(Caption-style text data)
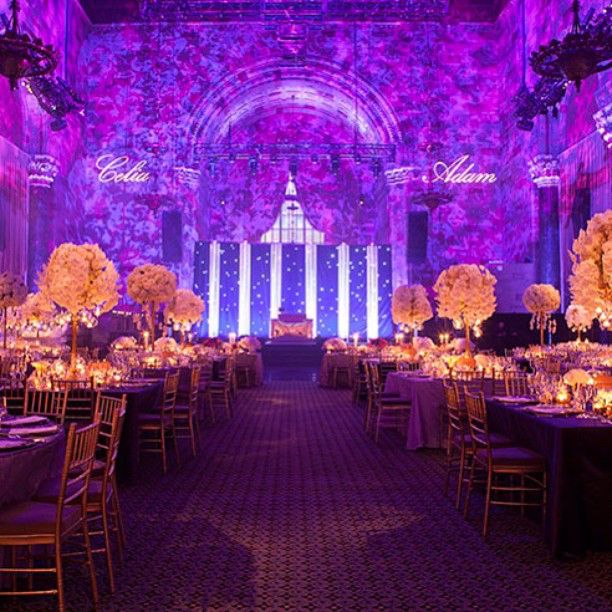 an elaborately decorated ballroom with purple lighting and floral centerpieces on the tables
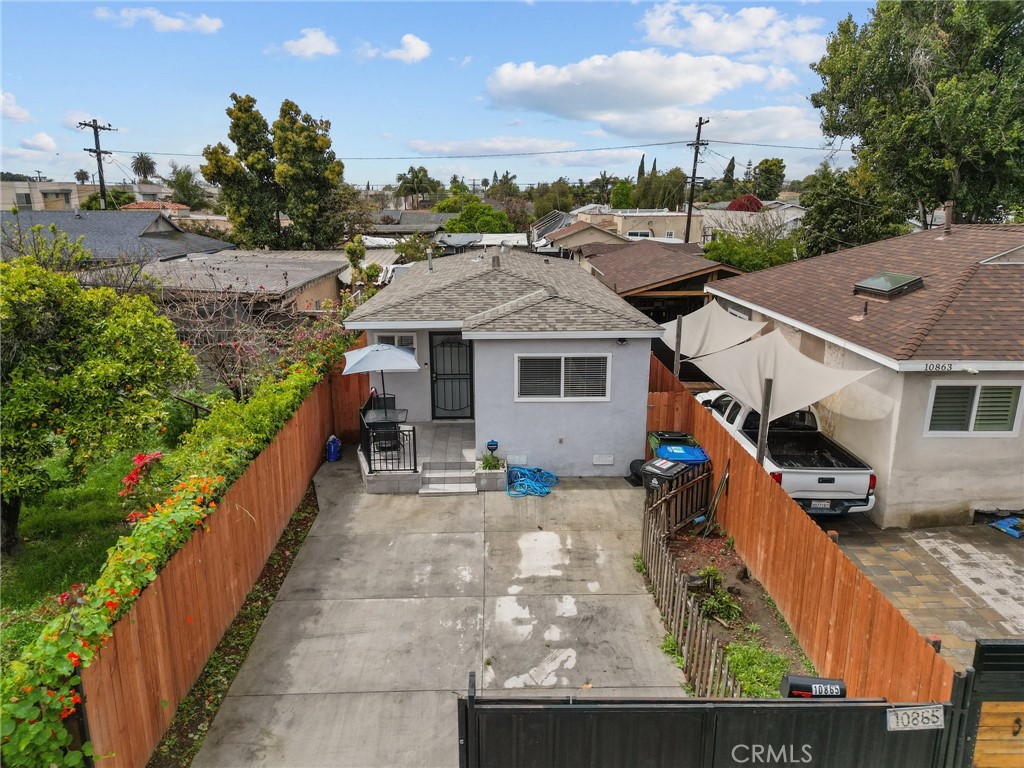 a aerial view of a house with a yard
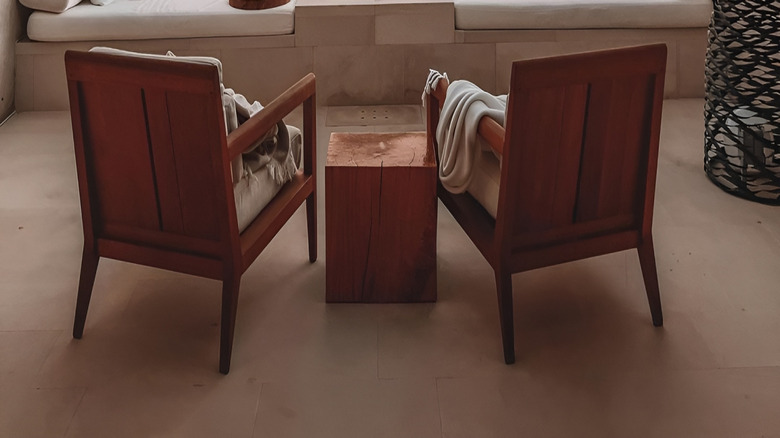 Chairs overlooking the canyon at sunset, at Amangiri resort.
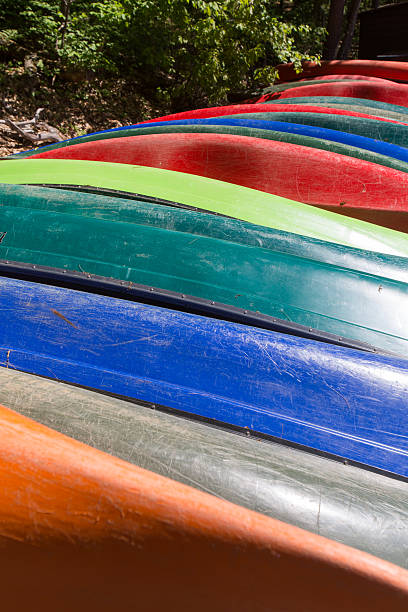 istock line of canoes 471672387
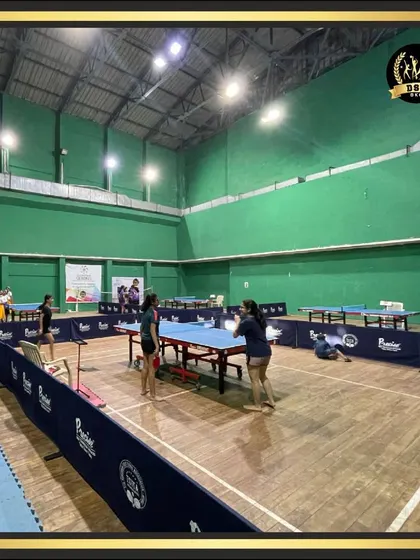 Players enjoying a game of table tennis in our spacious indoor hall. The facility is versatile, also marked for badminton, showcasing its multi-sport capability.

▶ **Exercise directions**
Could you print all of the entries above exactly as written, minus the pictures?

▶ **Result of this exercise**
 an elaborately decorated ballroom with purple lighting and floral centerpieces on the tables
 a aerial view of a house with a yard
 Chairs overlooking the canyon at sunset, at Amangiri resort.
 istock line of canoes 471672387
 Players enjoying a game of table tennis in our spacious indoor hall. The facility is versatile, also marked for badminton, showcasing its multi-sport capability.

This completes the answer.